Ainsi on en est au second meurtre quand le second volume finit, et c’est là, ou à peu près, qu’en est resté M. Soulié. Pour ma part, je doute fort qu’on désire avoir la suite d’une si ridicule et si odieuse histoire. La Gazette des Tribunaux vraiment est mille fois plus aimable et plus intéressante. Déjà, dans le Château des Pyrénées, M. Soulié s’était inspiré plus que de raison de ces lugubres scènes de cour d’assises. Un peu de variété semblerait de mise.
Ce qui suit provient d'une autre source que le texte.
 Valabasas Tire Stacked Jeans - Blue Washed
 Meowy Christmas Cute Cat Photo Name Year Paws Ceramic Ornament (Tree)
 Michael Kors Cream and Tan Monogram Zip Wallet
Je ne sais vraiment si je dois nommer un autre roman de M. Frédéric Soulié, qui s’appelle Maison de Campagne à vendre. C’est tout simplement un médiocre vaudeville, où les fautes de français et les calembours abondent, un vaudeville distendu en volume, et qui eût été bon tout au plus pour le théâtre de M. Ancelot, membre de l’Académie française.
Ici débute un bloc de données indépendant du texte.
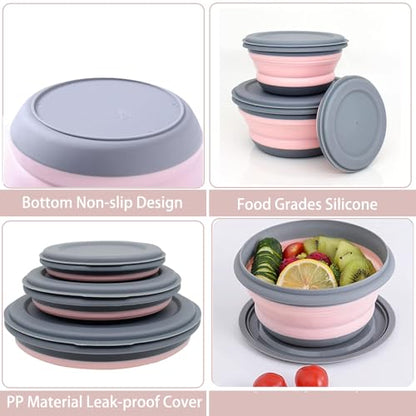 Collapsible Camping Bowl with Lid,3 Pack Silicone Salad Bowl Serving, Microwave Foldable Soup Ramen Serving for Travel, Picnic, Rv (Light Pink) - color: Light Pink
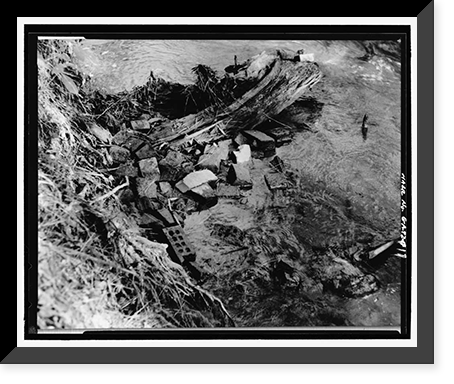 Historic Framed Print, Arthur Holmes Merry Generator House, Signal Lake North of Range Road, Fort Gordon, Richmond County, GA - 17,  17-7/8" x 21-7/8"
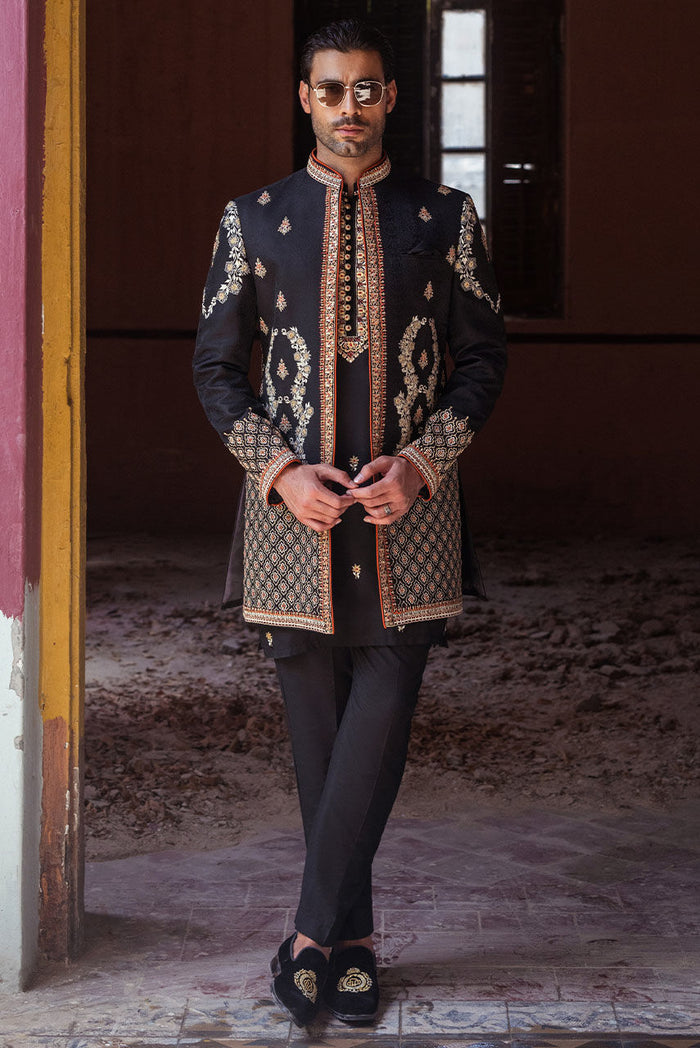 Black Raw Silk Embroidered Jacket & Kurta Pajama – JKT1441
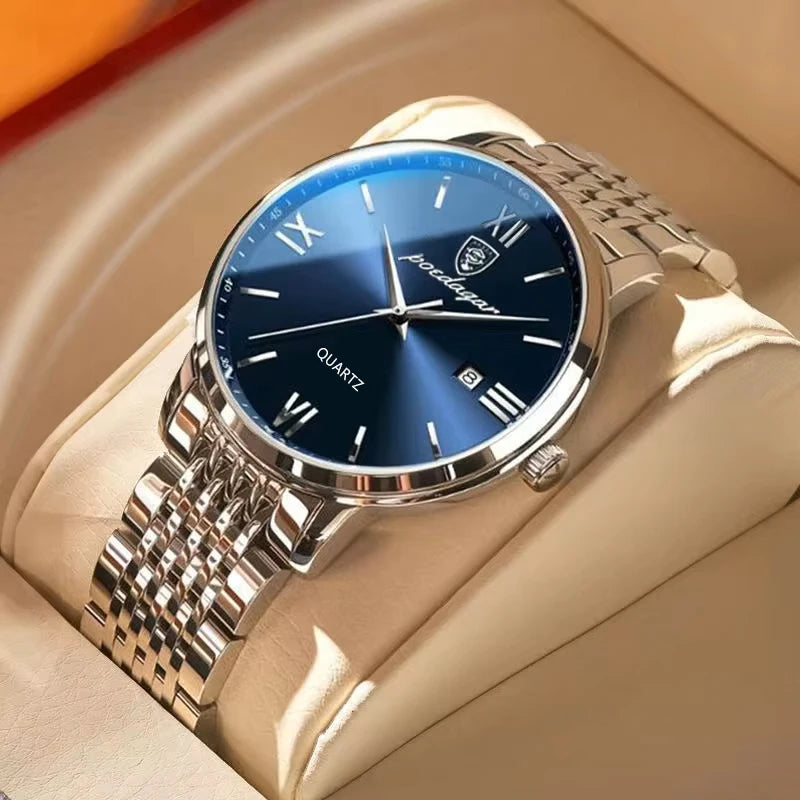 Montre homme POEDAGAR Business Quartz, acier inoxydable, étanche, date lumineuse, montre-bracelet de luxe décontractée pour homme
Un ancien fabricant de lampes a une maison de campagne à Sceaux et une nièce à marier. Marier sa nièce est son idée fixe. Il fait donc mettre une affiche de vente à son castel, dans l’espérance que quelque acquéreur se transformera en mari. Or, un beau jour, il arrive deux visiteurs coup sur coup, l’oncle et le neveu, l’oncle qui cherche une petite maison pour une actrice à laquelle il s’intéresse, le neveu qui fuit les recors que l’oncle a mis à sa poursuite. Le neveu toutefois a l’avantage ; il est en pays de connaissances, il a aimé la jeune fille autrefois, il lui a été infidèle, mais il l’épouserait volontiers, même à la condition de ne plus faire la cour aux actrices que cultive son oncle. Là-dessus commence un quiproquo, un imbroglio, qui dure pendant deux cents pages. Le neveu a pris le nom de l’oncle, l’oncle a pris le nom du neveu. Aussi, quand les recors arrivent, c’est le créancier qu’ils arrêtent. À la fin pourtant tout s’explique. Le neveu a peur des huissiers, l’oncle a peur de sa femme, le fabricant de lampes veut se délivrer de sa nièce. On en est quitte pour deux dots, et le mariage des jeunes gens a lieu.
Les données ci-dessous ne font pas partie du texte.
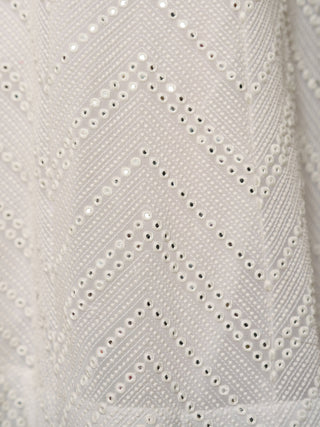 White Embroidered Georgette Semi Stitched Lehenga With Blouse Piece Clothsvilla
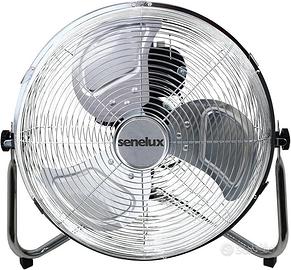 Senelux Ventilatore da pavimento, cromato da pales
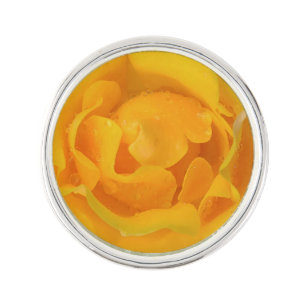 Romantic Yellow Rose Water Drops Lapel Pin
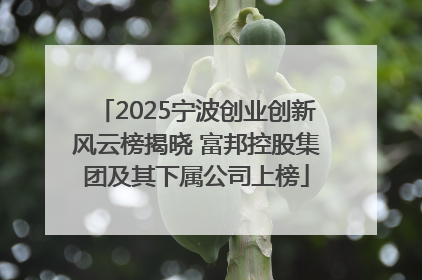 2025宁波创业创新风云榜揭晓 富邦控股集团及其下属公司上榜
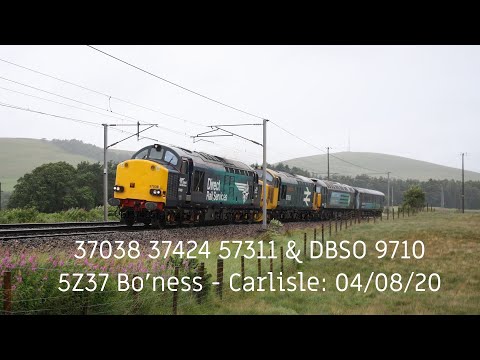37038 leading 37424 57311 & 9710 returning to Kingmoor from Bo'ness with 5Z37: 04/08/20
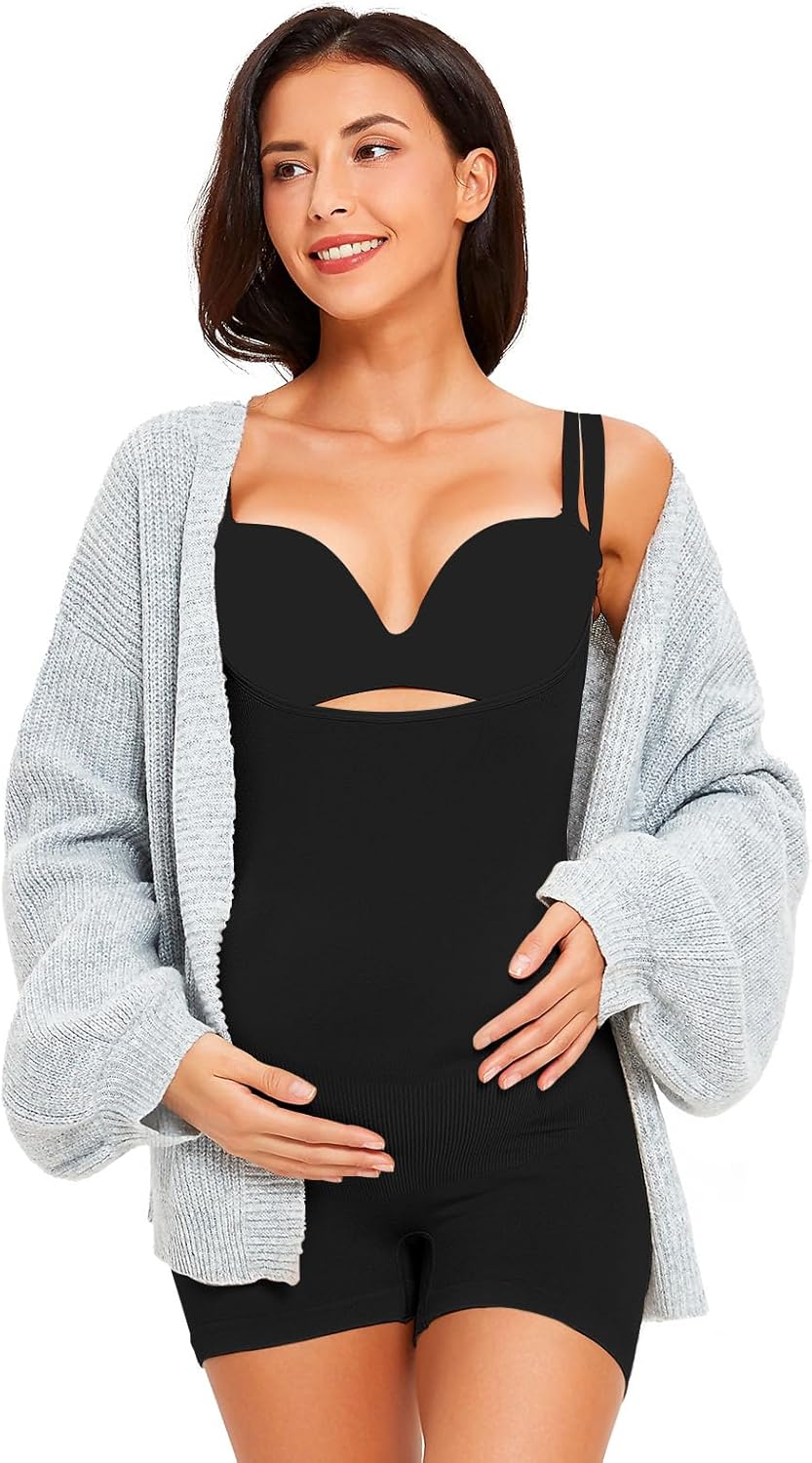Women's Maternity Bodysuit Pregnancy Shapewear Shorts Bustless Sleeveless Tank Top Belly Support Rib Romper Jumpsuit - Image 6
À la rigueur, tout cela eût pu faire un petit acte assez égrillard pour une scène secondaire : M. Soulié n’en a pu tirer un volume qu’à coups de dialogue et à grand renfort de descriptions. On aurait eu un vaudeville assez drôle, on n’a qu’un trivial et piteux roman.

Tel est le bilan littéraire de nos deux romanciers les plus actifs durant ces derniers mois. Devant de pareils résultats, les conclusions ressortent d’elles-mêmes ; nous les avions indiquées d’avance, et les faits n’ont que trop justifié nos assertions. Évidemment M. de Balzac et M. Frédéric Soulié, comme la génération tumultueuse dont ils sont les représentans, perdent tous les jours du terrain. Cette popularité qui arriva à son comble avec les Scènes de la Vie parisienne et avec les Mémoires du Diable, cette popularité aujourd’hui retire d’eux son flot passager et va battre avec fracas d’autres rivages, qui bientôt seront abandonnés à leur tour. Or, la mission de la critique est de suivre le succès et de le juger ; c’est donc devant lui qu’elle doit transporter sa tente : il est clair que le danger n’est plus où il était naguère, et que la vogue s’attache à d’autres noms. C’est l’engouement des lecteurs, ce sont leurs capricieuses faiblesses qu’il importe surtout de combattre ; mais quand le public en arrive à faire justice lui-même des fantaisies maladives qui l’ont un instant égaré, notre mission est finie : le devoir nous appelle ailleurs. On le sait, la nature des réactions est d’être impitoyables, et il n’y a pas de plus cruels ennemis que les anciens amis. Aussi il serait piquant qu’un jour ceux-là même qui ont attaqué le succès exagéré d’hier fussent amenés à protester contre l’indifférence absolue de demain. Nous n’en serions pas étonné, et, dans une certaine mesure, ce rôle nous trouverait fidèle, parce qu’il serait juste.


F. DE LAGENEVAIS.

  1. Si c’était une illusion française, de respecter les personnes en attaquant les choses, il faut reconnaître qu’elle s’est bien évanouie depuis peu.
  2. Voyez l’article de M. Henri Blaze, dans la Revue du 1er décembre 1842.
  3. Deux vol. in-8°, chez Comon, quai Malaquais.
  4. 2 vol. in-8°, chez Baudry, quai Malaquais, 3.
  5. Des Conspirations contre les peuples ; voyez l’édition de Beuchot, t. XLIII, pag. 500.
  6. 1 vol. in-8°, chez Debécourt, rue des Saints-Pères.